The pipeline’s rule of thumb, established by the pipeline explorer: verification math is cheap everywhere; grid operators are the GPU’s job; format decode stays offline.

GRIB2 / prepBUFR / .stat (the archive)
│ offline, once (cfgrib/ecCodes decode dominates: ~90% of ~73 s/cycle)
Zarr v3 grids + Parquet tables (sibling project: metplus-data-store)
│ one R2 upload (maintainer-run)
private R2 bucket ──► gated Worker (Range/206 + CORS) ──► browser
zarrita.js · DuckDB-WASM · WebGPU
Store Size Content
metplus-input.zarr 30 GB Decoded model/analysis grids (bitround-12 + zstd; URMA lossless), 256² inner tiles
metplus-grid-output.zarr 810 MB 2,335 MET _pairs.nc cubes (superseded by the v2 direction)
metplus_stat.parquet 8.8 MB The full 1.53M-row .stat archive — all models/vars/line types
gdas_points.parquet 45 MB 11.7M point observations
web-demo-v2.zarr 83 MB The v2 common-grid demo store (in R2 now)

Note the striking economics: the entire .stat statistics archive compresses to 8.8 MB of Parquet — DuckDB-WASM can query any variable/line-type/statistic with zero server.

The v2 store — raw-first, pairs on the fly

Section titled “The v2 store — raw-first, pairs on the fly”
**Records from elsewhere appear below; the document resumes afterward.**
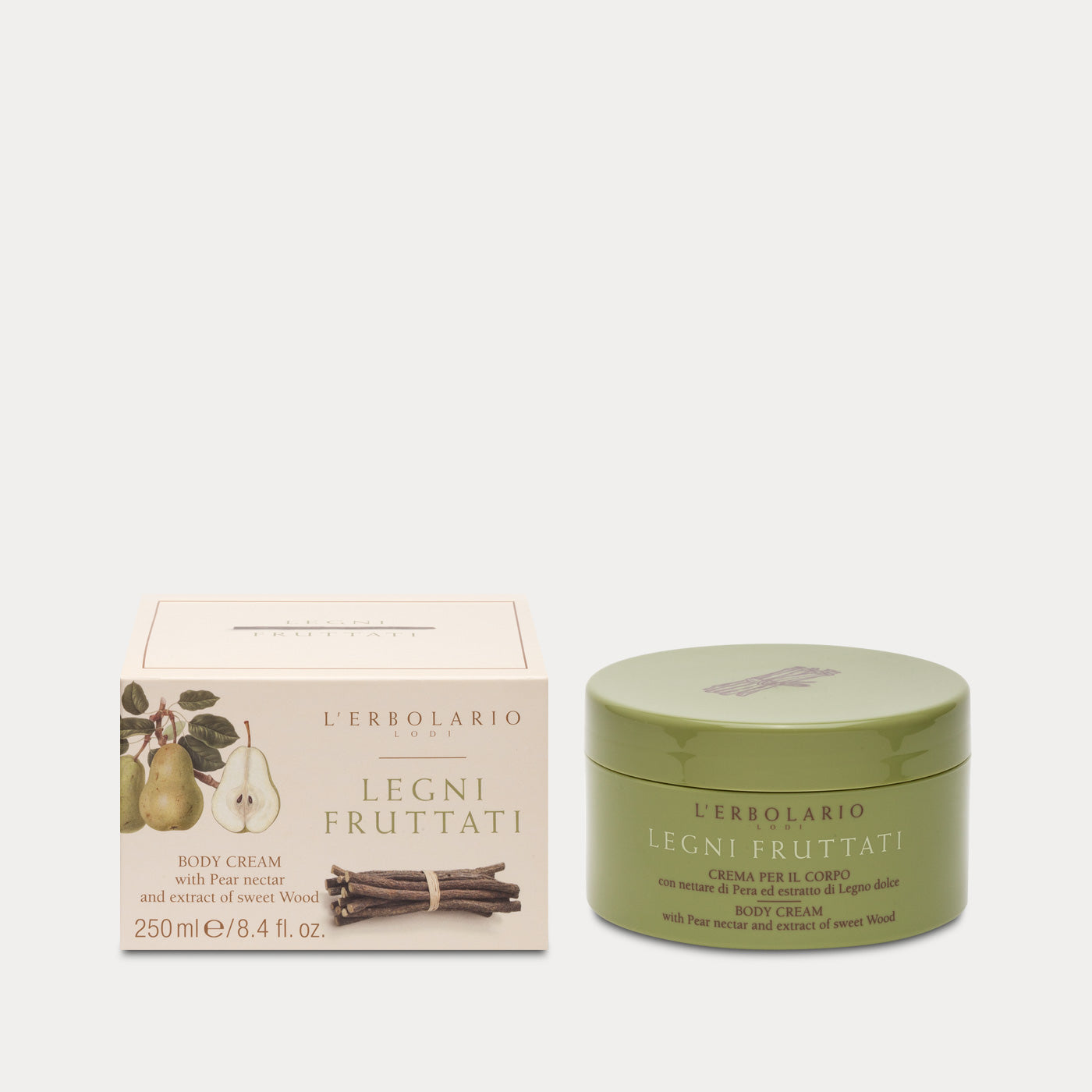 Body Cream Fruity Woods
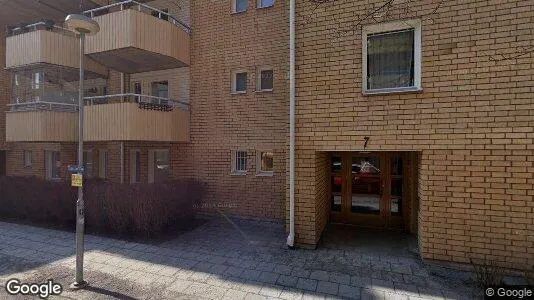 Bostadsrätter till salu i Solna - Bild från Google Street View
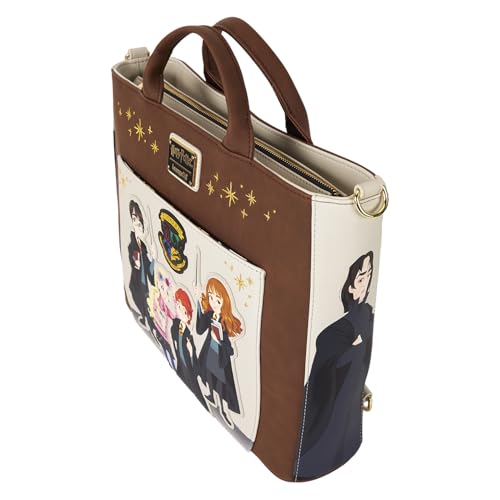 Image of Loungefly Harry Potter Spring Convertible Tote Bag
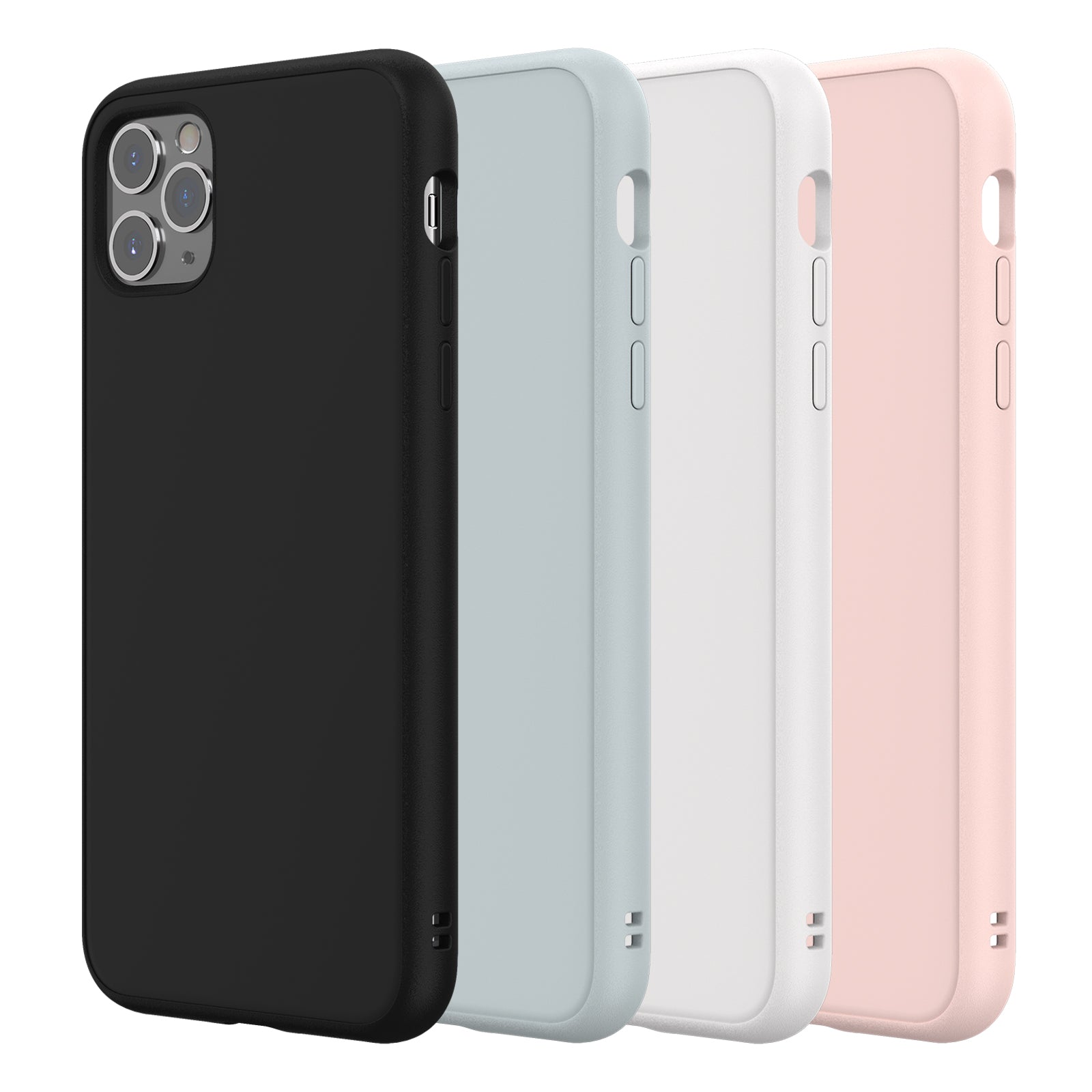 RhinoShield SolidSuit Classic Lightweight 3M Drop Protection Case iPhone 11 Pro Max - White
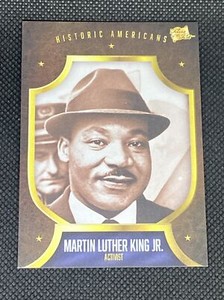 Martin Luther King Jr. 2017 The Bar Pieces of the Past Historic Americans #131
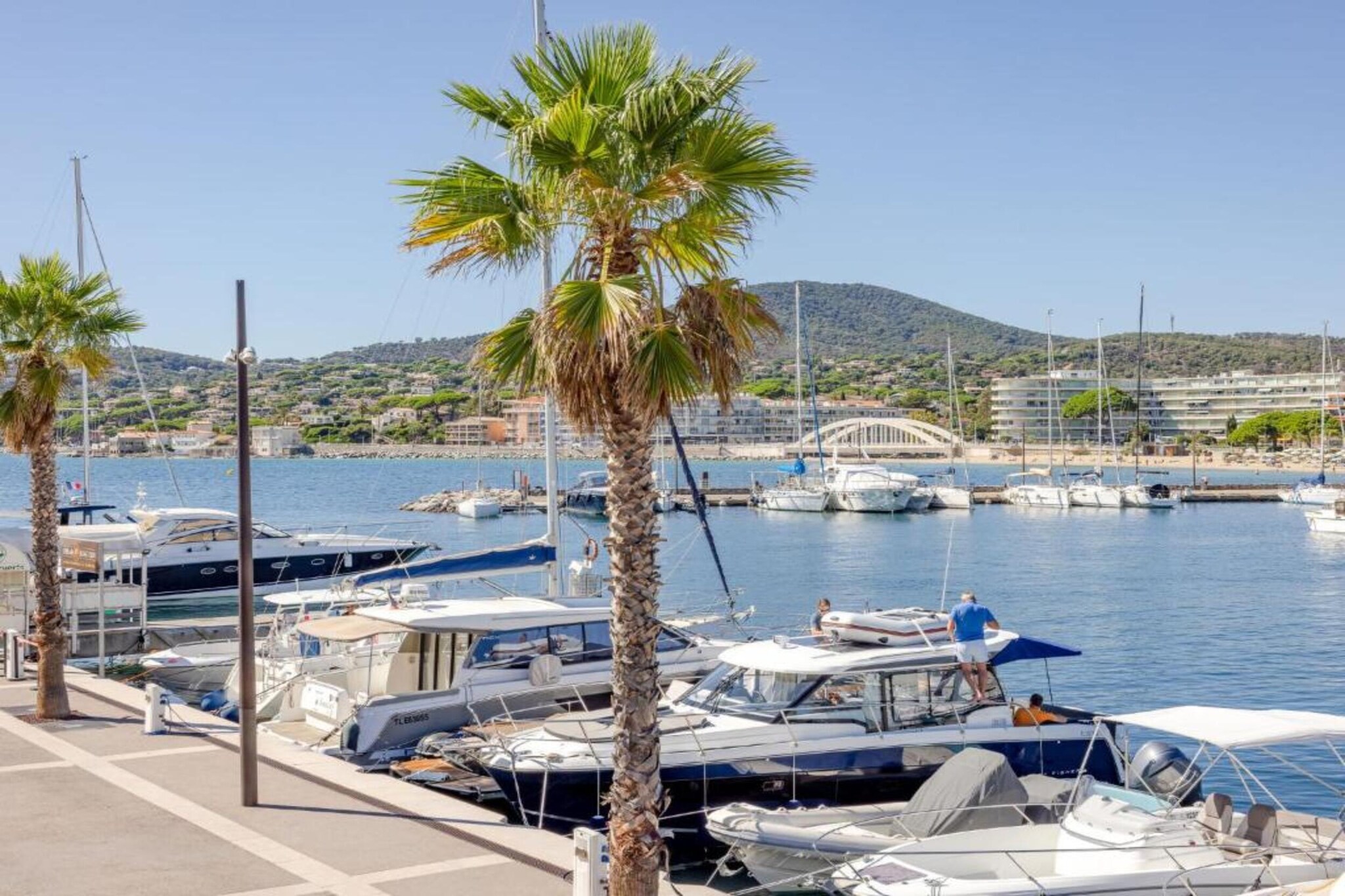 Residence Port Marine 3-Gebieden zomer 5km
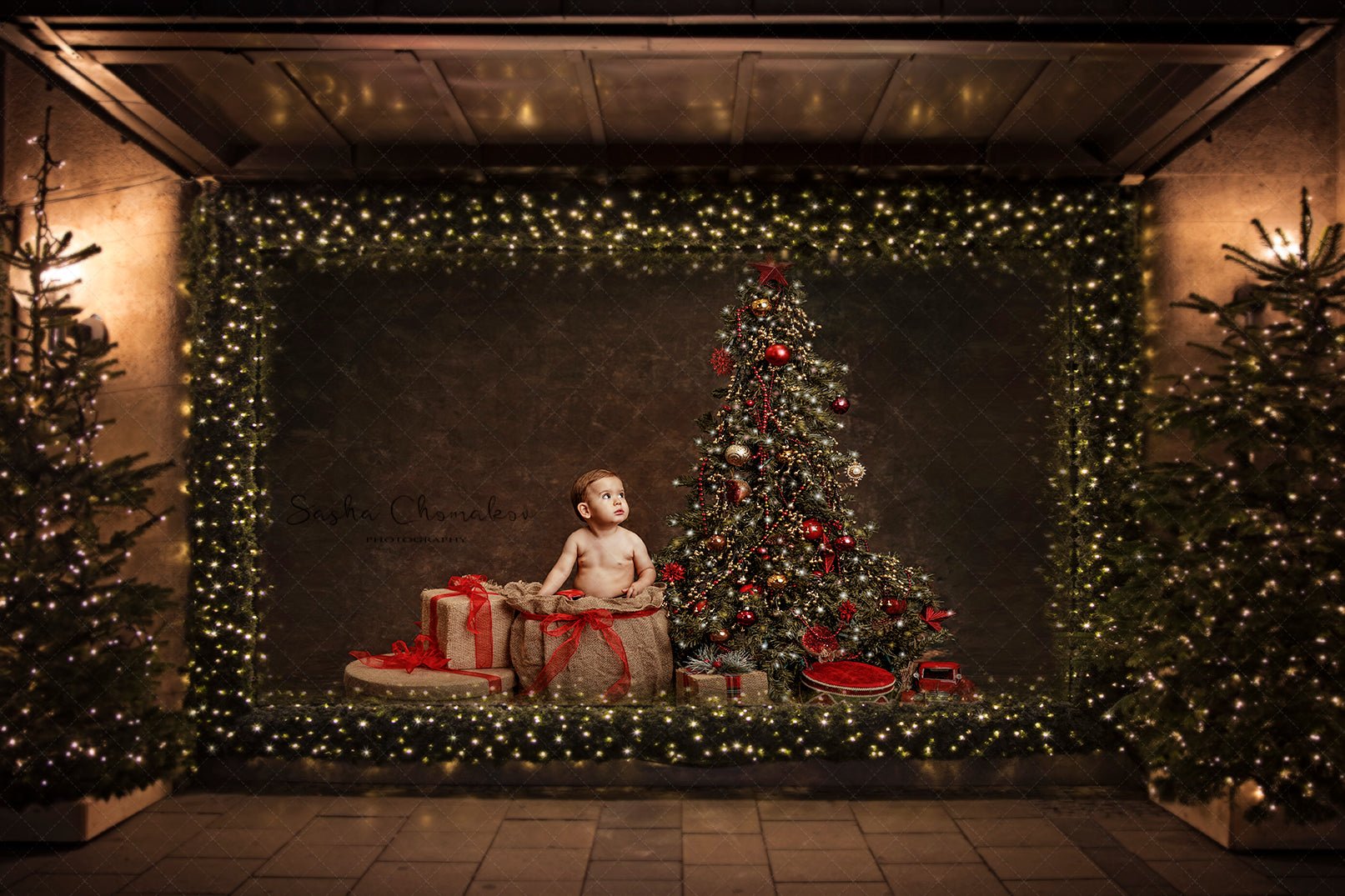 Digital Backdrop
A from-scratch redesign (two independent design teams, then user decisions) replaced “store MET’s _pairs.nc intermediates” with:

  • One common grid (URMA 2.5 km CONUS; the demo ships a ×3-downsampled 533×782 version) onto which every forecast is regridded once at conversion (hand-rolled numpy bilinear, weights cached, ~0.008 s).
  • Model as a dimension, variable as separate arrays (per-variable precision: bitround t2m=10 / si10=9 bits; APCP lossless for categorical parity), lead as a dimension with valid_time as the truth join key.
  • Whole-frame chunks (the app’s dominant read is a full 2-D frame → 1–2 range GETs per frame, vs ~10× GETs with 256² tiles).
  • No stored pairs at all — the browser (or GPU) computes fcst − truth live for any model/var/lead/region: strictly more powerful than MET’s fixed pairings. A tiny de-identified oracle (6 precip cases + expected CTC counts) preserves the browser == .stat parity proof.
  • Missing data uses the 1e30 sentinel (GPU-safe), and regional models cost ≈ their footprint via omitted/fill chunks.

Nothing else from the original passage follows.